0

I have one big file saved using numpy in append mode, i.e., it contains maybe 5000 arrays, each with shape, e.g. [1, 224, 224, 3], like this way:

filepath = 'hello'
for some loop:
    ...
    with open(filepath, 'ab') as f:
        np.save(f, ndarray)

I need to load the data in the file, maybe all arrays, or maybe in some generating mode, like reading the first 100, then the next 100, and so on. Is there any method to do this properly? Now, I only know if I use np.load, I can only get one array each time, and I don't know how to read the 100 to 199 arrays.

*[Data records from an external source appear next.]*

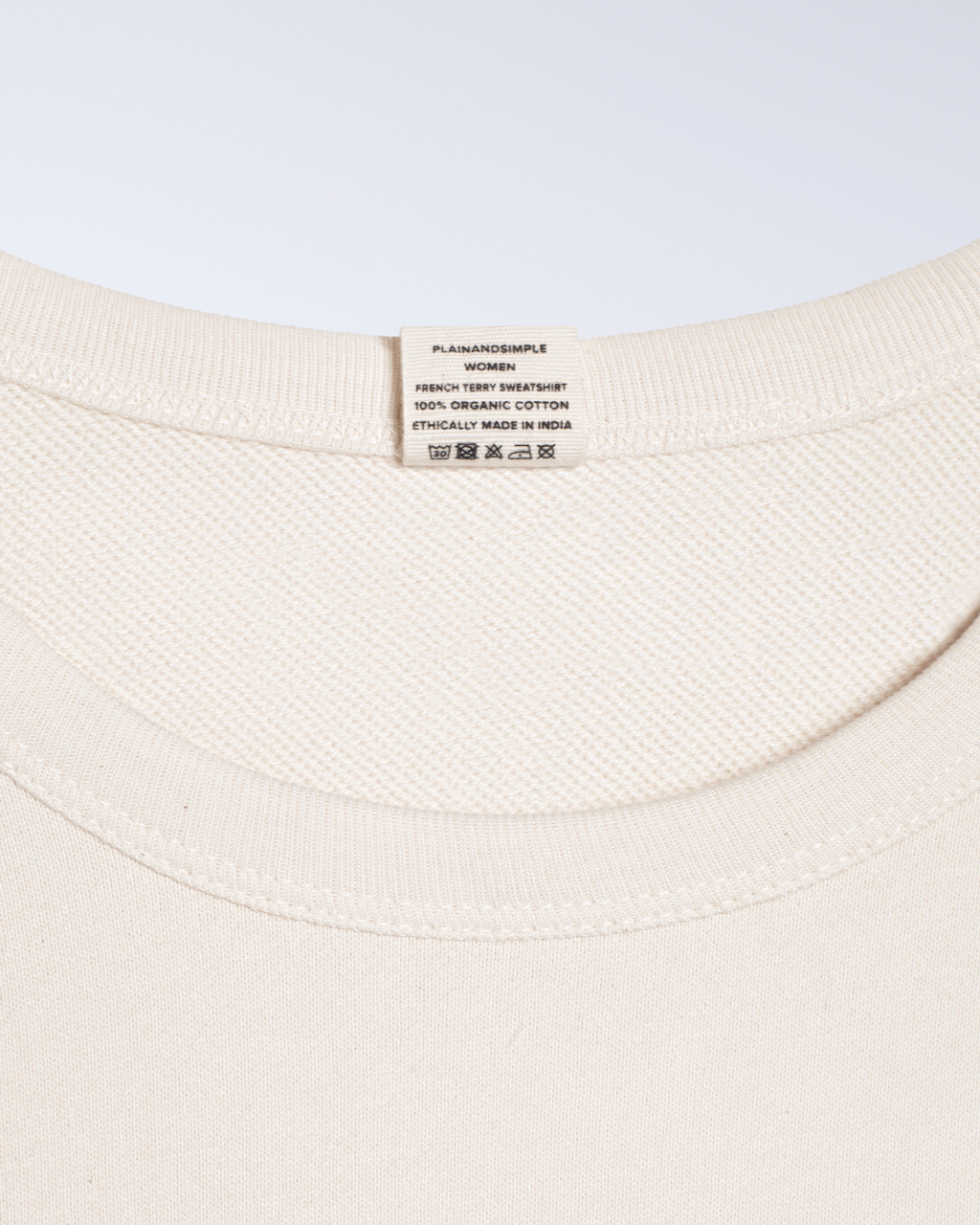 A close up of a neck label in a natural coloured, organic cotton sweatshirt.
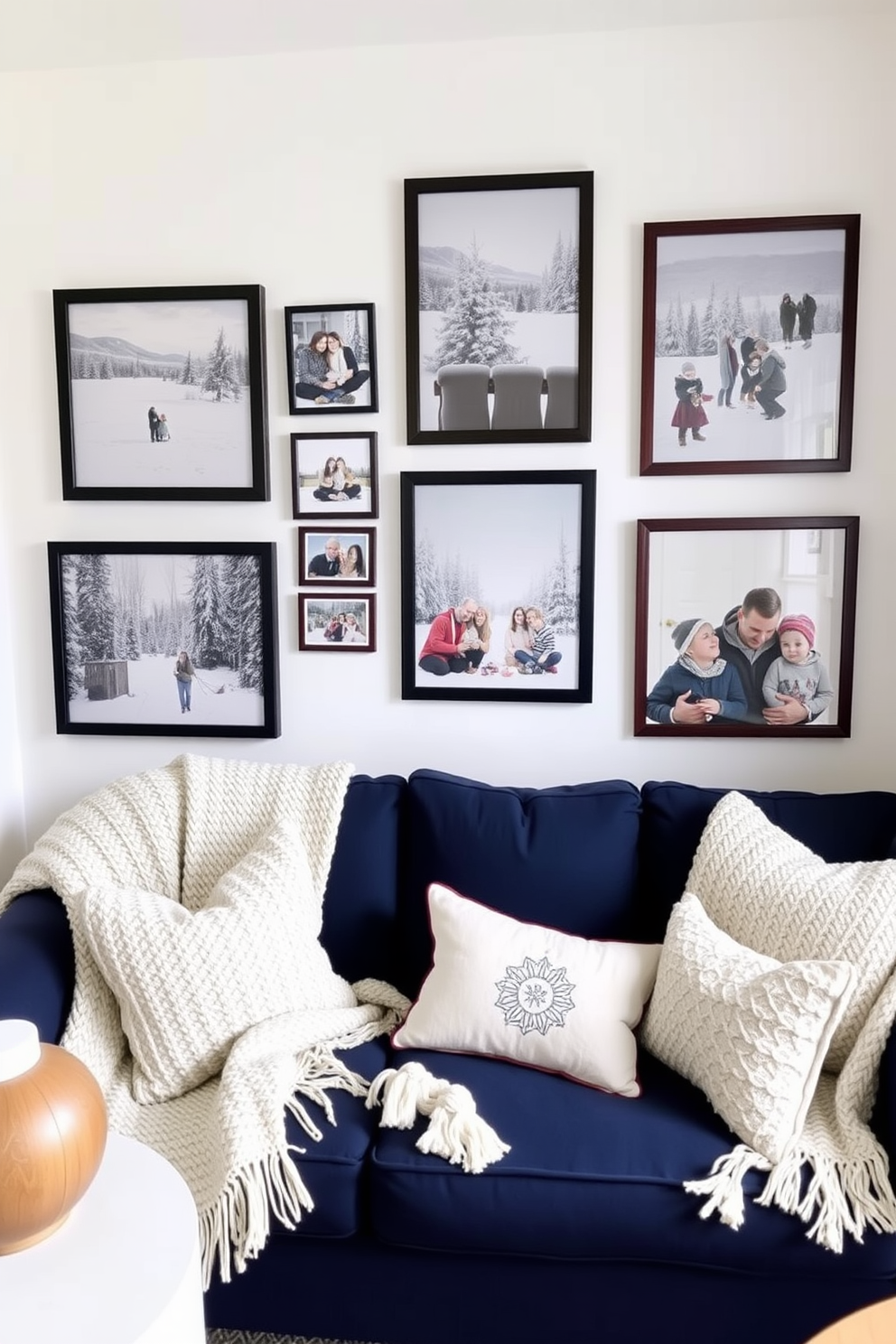 A cozy winter-themed small living room adorned with framed family photos showcasing snowy landscapes and festive gatherings. The walls are painted in soft white, and a plush navy blue sofa is accented with knitted throw blankets and seasonal cushions.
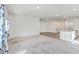 Open living room with grey carpet and kitchen view at 4383 Ocean Farm Dr, Summerville, SC 29485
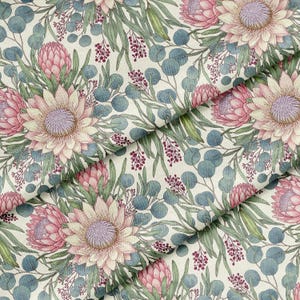 May include: Floral fabric featuring a repeating pattern of pink protea flowers, green leaves, and blue-green eucalyptus leaves on a cream background. The design has a watercolor effect, creating a soft and natural aesthetic.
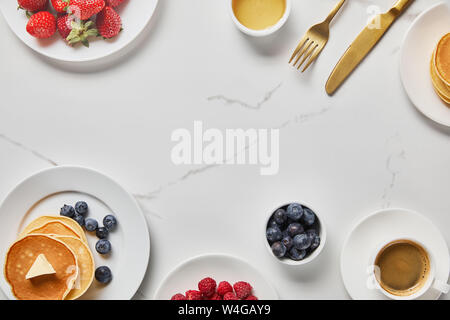 Vista superiore della gustosa prima colazione con pancake, miele, diversi tipi di frutti di bosco e la tazza di caffè Foto Stock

loading arrays saved using numpy.save in append mode This question talk about something on this, but seems not what I want.

U13-Forward
  • 69,221
  • 14
  • 89
  • 114
JQK
  • 93
  • 1
  • 9
  • If you recorded the file sizes during creation, you might be able to use `seek` to jump ahead to right spot. But as the link shows this is an undocumented feature, and you basically on your own. – hpaulj Jun 29 '18 at 03:45
  • Thanks @hpaulj, but unfortunately I did not record the size, as it is stored dynamically and record such size might be complicated a little... Is there any better way to solve this? – JQK Jun 29 '18 at 04:01
  • Are you interested in loading individual arrays? Or concatenating arrays along an axis? – alta Jun 29 '18 at 04:16
  • I want to concatenate them into one array, but I don't know how many arrays each file contains. @HanAltae-Tran – JQK Jun 29 '18 at 04:22
  • Do you control the save loop? Looks like a good place to fix. Especially switching the order of the loop and the with. – Mad Physicist Jun 29 '18 at 04:29
  • Also, are all the arrays of the same dtype as well as size? If so, load one, do an ftell (or whatever Python calls it), and voila, you have the size of each array in the file – Mad Physicist Jun 29 '18 at 04:32

2 Answers2

1

One solution, although ugly and can only get all arrays in the file (and thus risk the out of memory error) is as following:

a = []
with open(filepath, 'rb') as f:
    while True:
        try:
            a.append(np.load(f))
        except:
            break
np.stack(a)
JQK
  • 93
  • 1
  • 9
1

This is more of a hack (given your situation).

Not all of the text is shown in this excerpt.